▸ Exercise aim
Set every record down verbatim and omit the pictures.
[Excerpted data Boundary: Start]
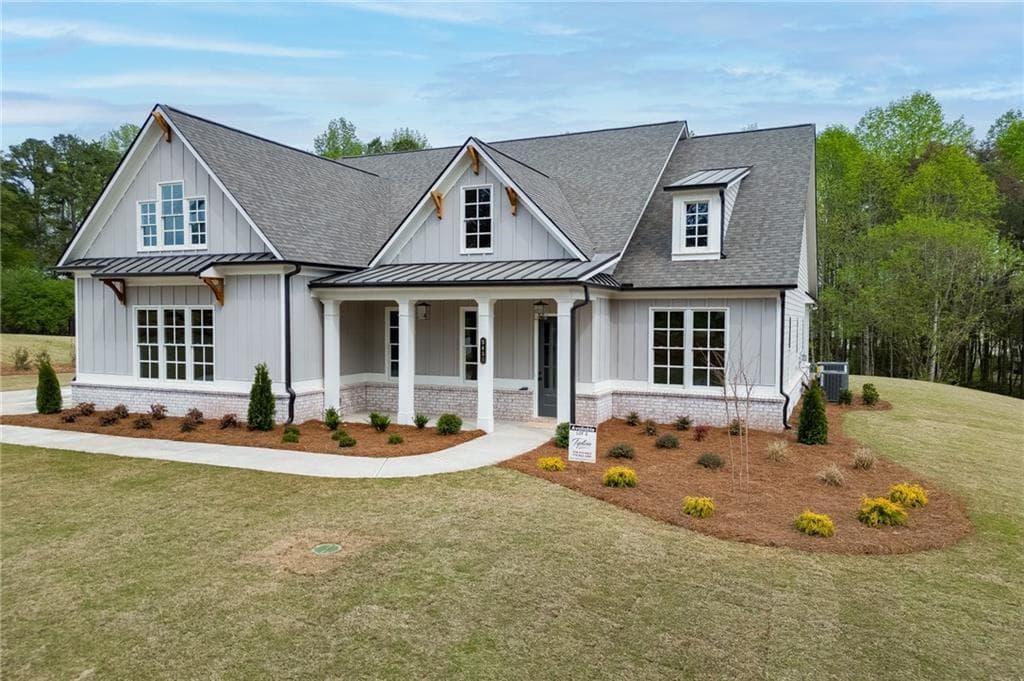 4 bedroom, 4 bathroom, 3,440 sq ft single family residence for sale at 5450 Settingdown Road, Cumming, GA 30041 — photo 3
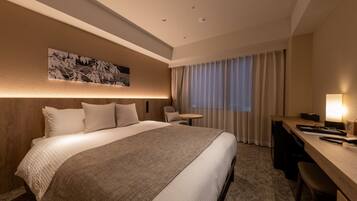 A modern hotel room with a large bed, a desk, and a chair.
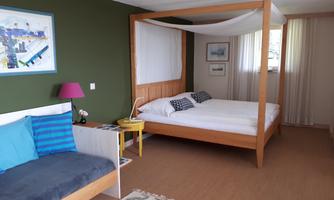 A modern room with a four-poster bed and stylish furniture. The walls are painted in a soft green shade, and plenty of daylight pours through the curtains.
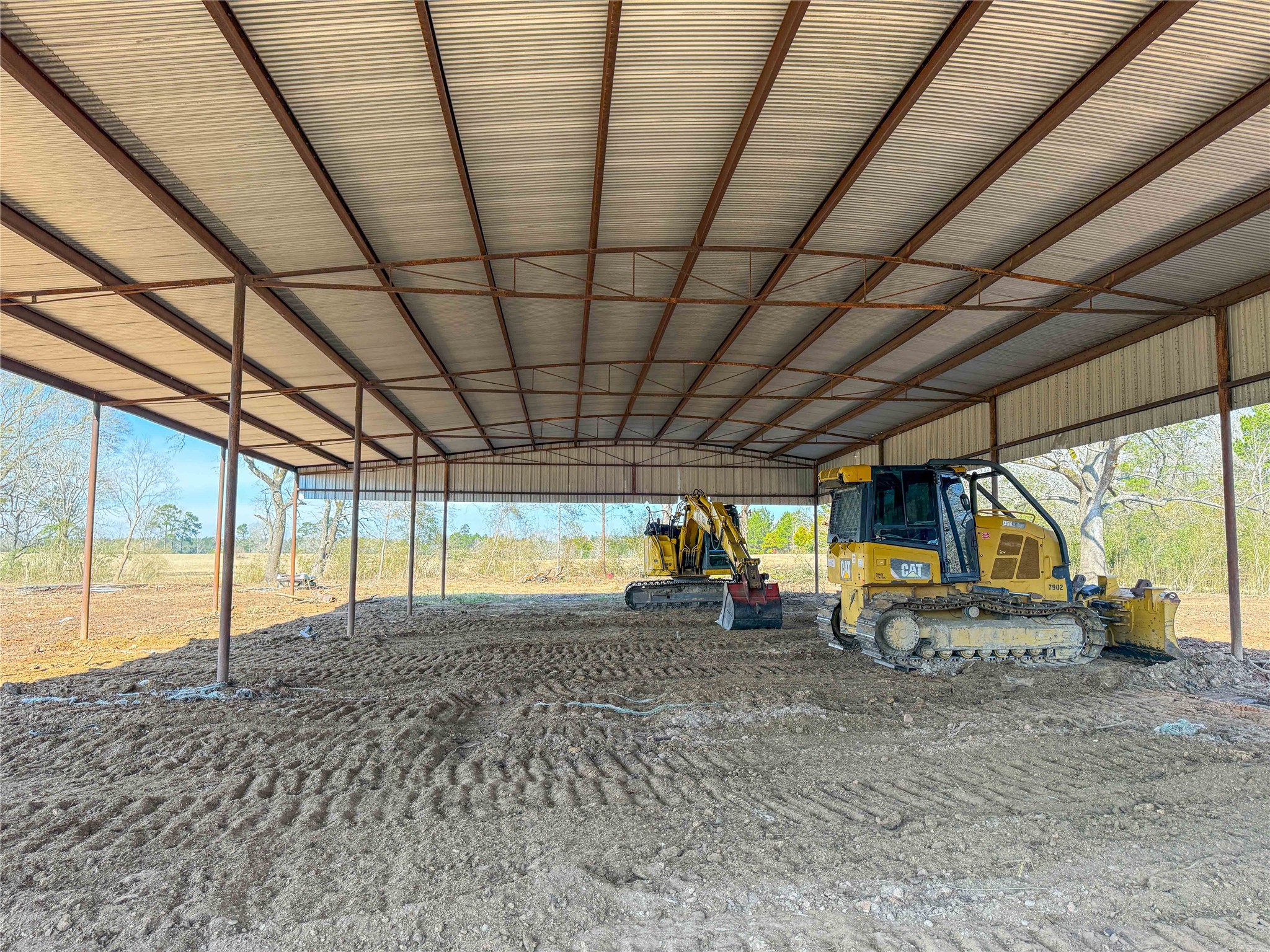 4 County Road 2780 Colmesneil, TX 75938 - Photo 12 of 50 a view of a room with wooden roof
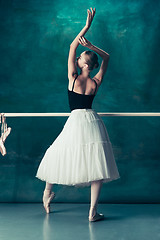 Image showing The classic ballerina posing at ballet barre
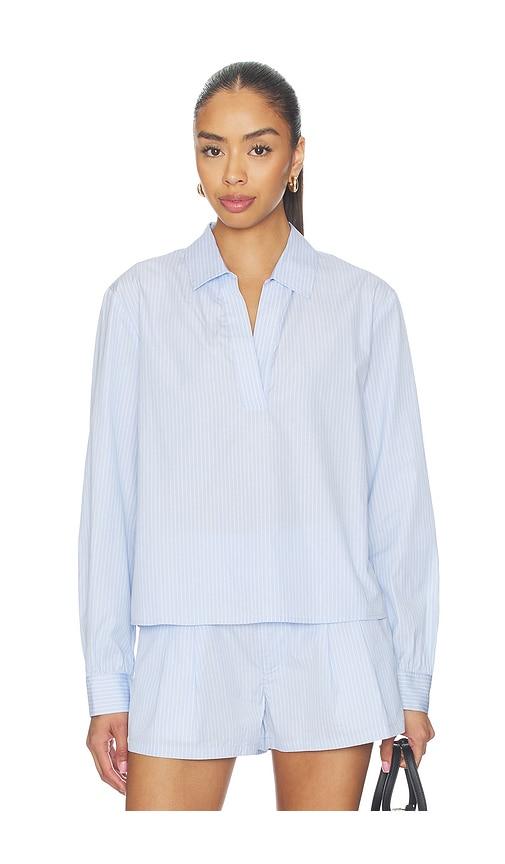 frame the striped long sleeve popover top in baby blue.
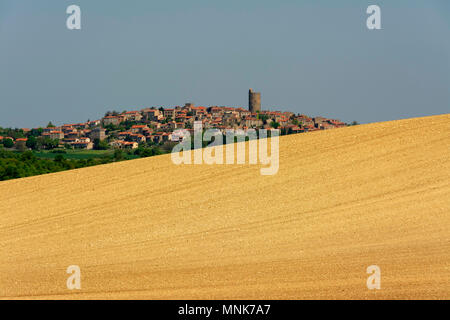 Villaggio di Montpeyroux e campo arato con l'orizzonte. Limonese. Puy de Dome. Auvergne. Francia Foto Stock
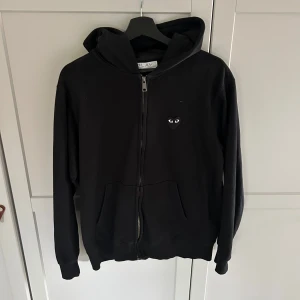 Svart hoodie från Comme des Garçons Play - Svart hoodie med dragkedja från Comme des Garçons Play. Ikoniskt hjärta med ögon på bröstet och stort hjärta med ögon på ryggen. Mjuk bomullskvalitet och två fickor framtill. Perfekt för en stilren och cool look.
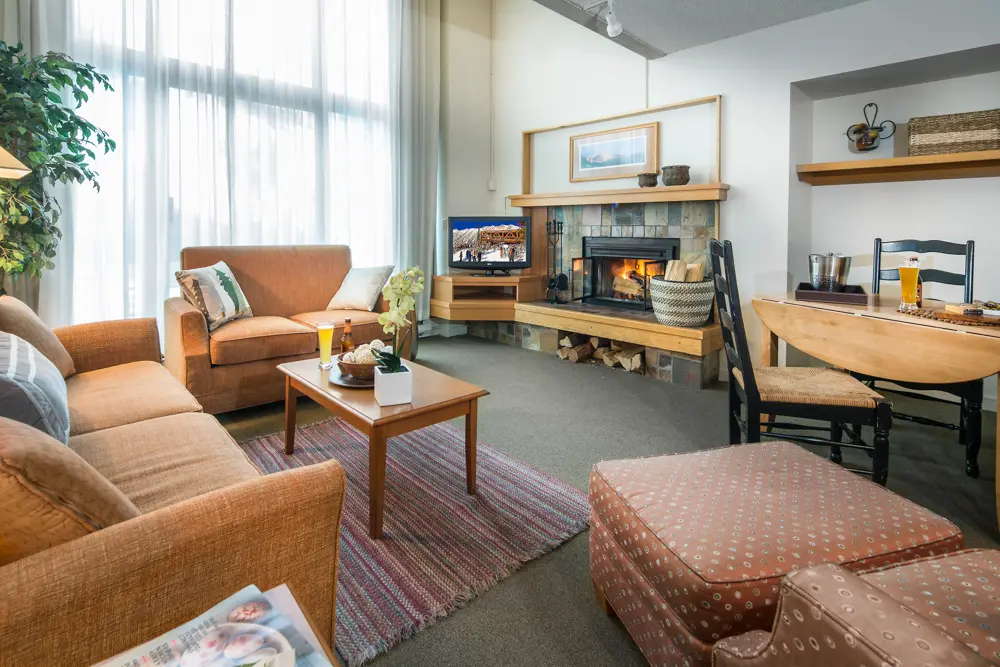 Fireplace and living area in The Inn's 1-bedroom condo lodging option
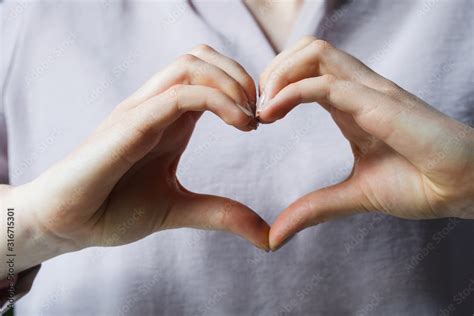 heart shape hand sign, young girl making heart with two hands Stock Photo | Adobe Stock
[Excerpted data Boundary: End]
▸ Answer to the exercise
 4 bedroom, 4 bathroom, 3,440 sq ft single family residence for sale at 5450 Settingdown Road, Cumming, GA 30041 — photo 3
 A modern hotel room with a large bed, a desk, and a chair.
 A modern room with a four-poster bed and stylish furniture. The walls are painted in a soft green shade, and plenty of daylight pours through the curtains.
 4 County Road 2780 Colmesneil, TX 75938 - Photo 12 of 50 a view of a room with wooden roof
 Image showing The classic ballerina posing at ballet barre
 frame the striped long sleeve popover top in baby blue.
 Villaggio di Montpeyroux e campo arato con l'orizzonte. Limonese. Puy de Dome. Auvergne. Francia Foto Stock
 Svart hoodie från Comme des Garçons Play - Svart hoodie med dragkedja från Comme des Garçons Play. Ikoniskt hjärta med ögon på bröstet och stort hjärta med ögon på ryggen. Mjuk bomullskvalitet och två fickor framtill. Perfekt för en stilren och cool look.
 Fireplace and living area in The Inn's 1-bedroom condo lodging option
 heart shape hand sign, young girl making heart with two hands Stock Photo | Adobe Stock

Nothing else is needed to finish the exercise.